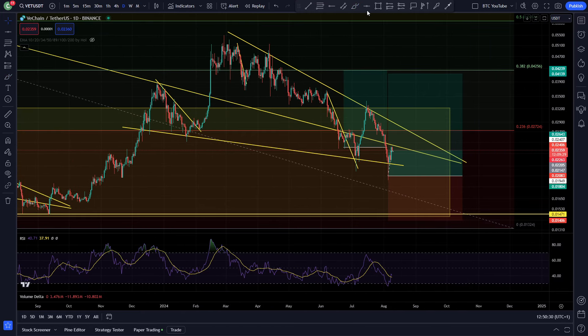Still waiting. Still sitting in profit on my trade here, as you can see. Sitting and waiting for things to turn around. We'll see you next time.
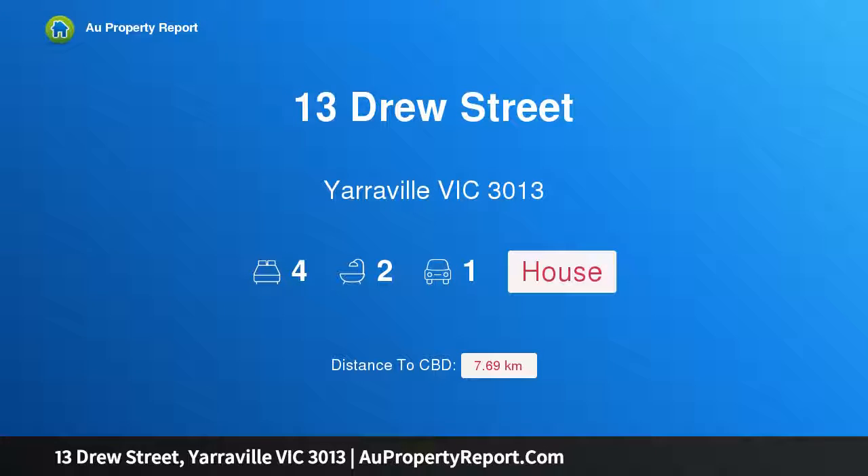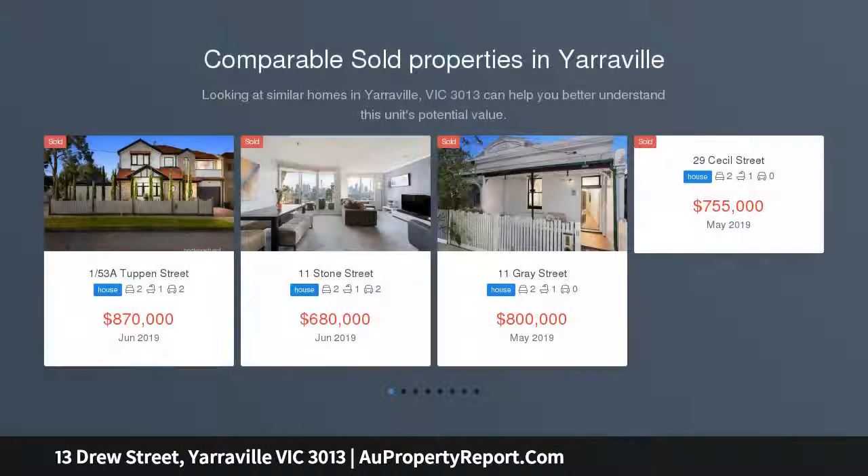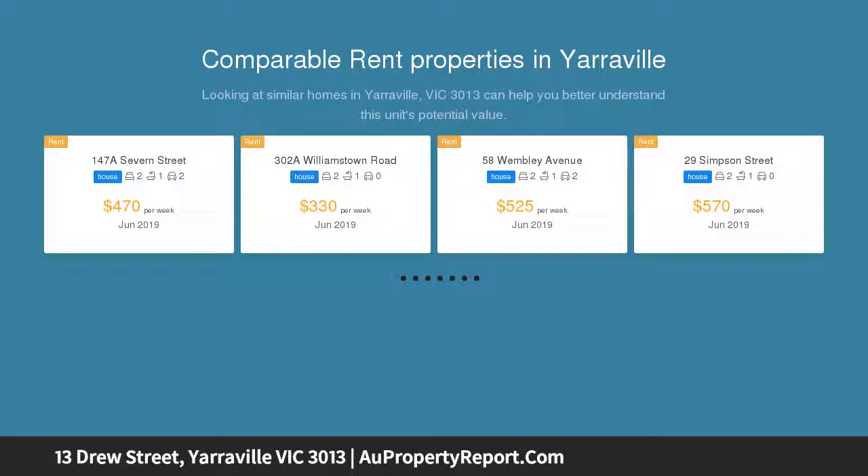Hi, I am glad to introduce Property 13 Drew Street, Yarraville Victoria 3013, the most privileged position. Renovated with a designer's instinct for spaces that look beautiful and perform perfectly, this outstanding home makes the utmost of a location that means Crookshank Park feels like your own personal playground.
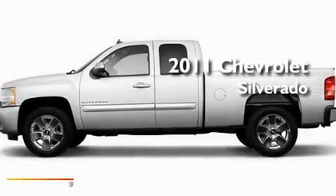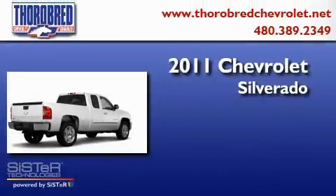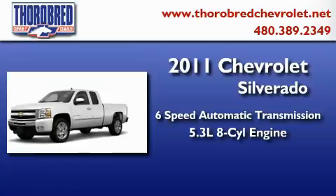This is a brand new 2011 Chevrolet Silverado. This truck has a 6-speed automatic transmission and a 5.3-liter V8.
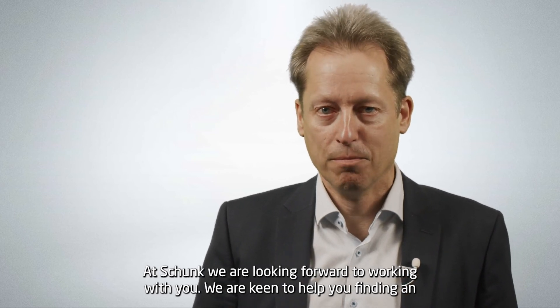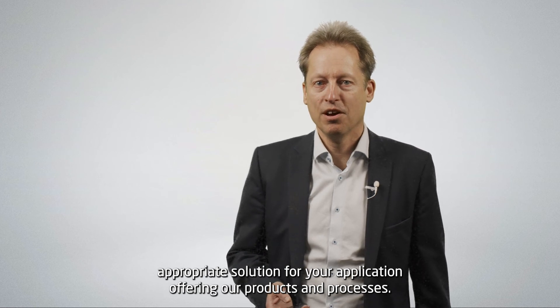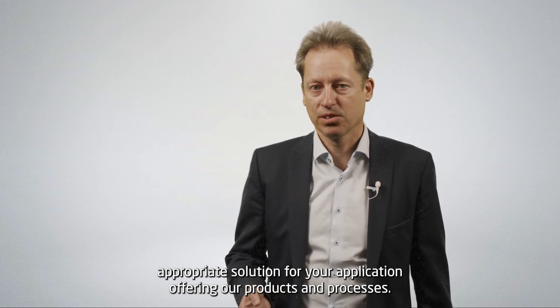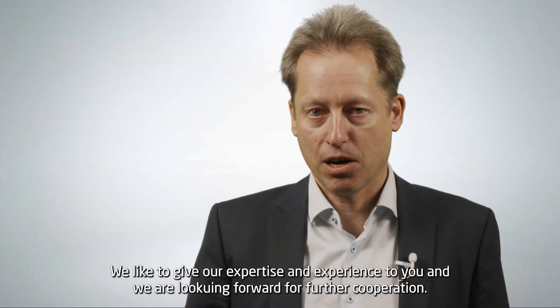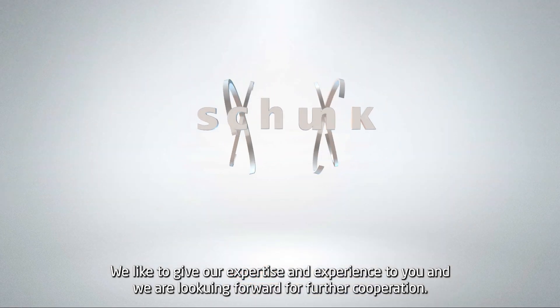At Schunk, we are looking forward to working with you. We are keen to help you find an appropriate solution for your application, offering our products and processes. We like to give our expertise and experience to you, and we are looking forward to further cooperation.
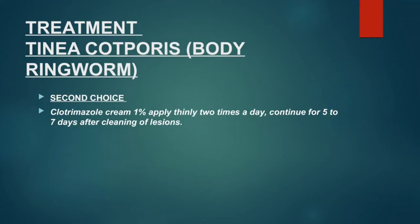The second drug of choice is ketoconazole cream 1%, applied two times a day, continued for five to seven days after clearing of the lesions.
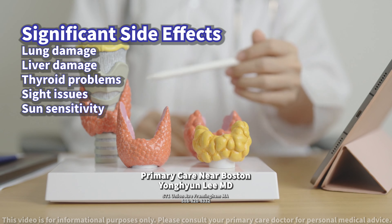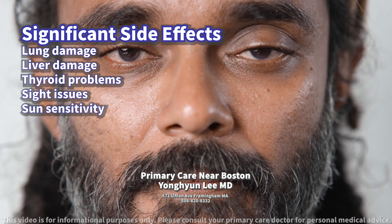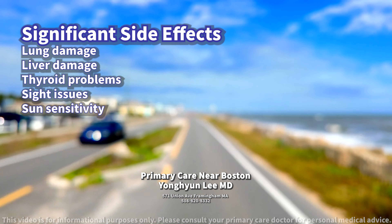Today, we will discuss amiodarone. How does it work? Amiodarone is a medication used to treat and prevent certain types of life-threatening arrhythmias or irregular heartbeats by stabilizing the heart's electrical activity.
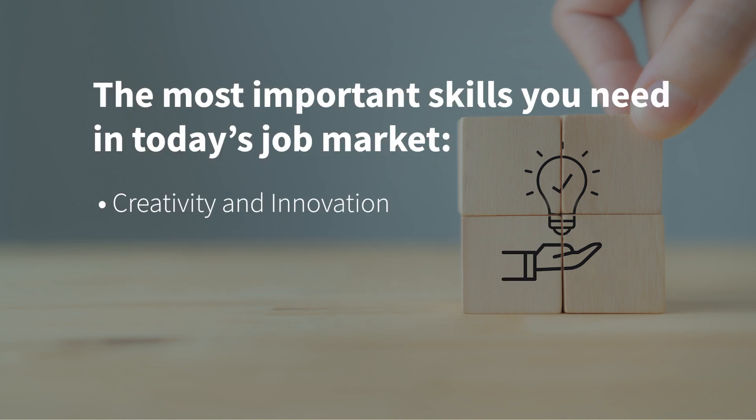In my view, creativity and innovation are very important skills in most professions. Whether you are a designer, store manager or social media content creator for example, being able to think creatively and to come up with fresh ideas is what sets your work apart and makes your design, your product, your store or your social media content stand out and catch the attention of customers or followers. I think especially in today's job market, creativity is an important key to success.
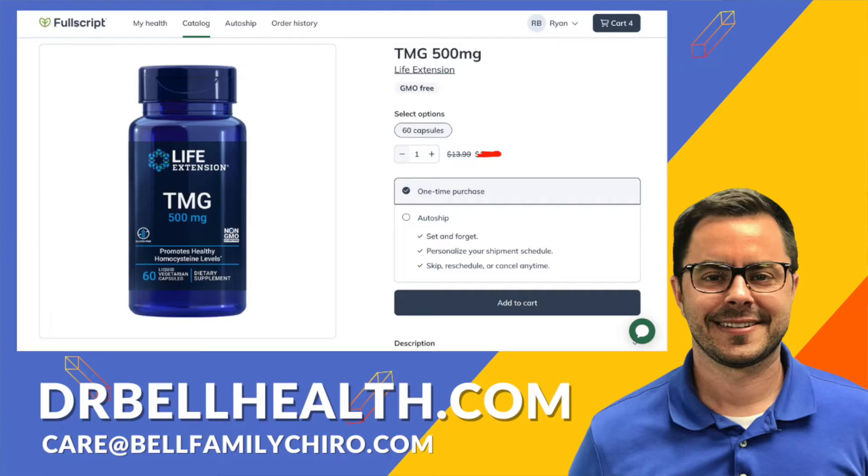Unfortunately, due to the terms and conditions with the companies, I can't tell you how much the discount is, but it's a lot. We are offering free shipping and returns on all your favorite brands such as Standard Process, Thorne, Microbiome Labs, Metagenics, Biotics Research, and so many more. If you already have a Fullscript account but still want our discount, shoot us an email shown on screen and we will add you to our store.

----------

The problem: Taking the entries above, extract every line from the one bearing "At Schunk, we" through the one bearing "In my view, creativity", exactly, with no pictures.

Response to this task:
At Schunk, we are looking forward to working with you. We are keen to help you find an appropriate solution for your application, offering our products and processes. We like to give our expertise and experience to you, and we are looking forward to further cooperation.
The second drug of choice is ketoconazole cream 1%, applied two times a day, continued for five to seven days after clearing of the lesions.
Today, we will discuss amiodarone. How does it work? Amiodarone is a medication used to treat and prevent certain types of life-threatening arrhythmias or irregular heartbeats by stabilizing the heart's electrical activity.
In my view, creativity and innovation are very important skills in most professions. Whether you are a designer, store manager or social media content creator for example, being able to think creatively and to come up with fresh ideas is what sets your work apart and makes your design, your product, your store or your social media content stand out and catch the attention of customers or followers. I think especially in today's job market, creativity is an important key to success.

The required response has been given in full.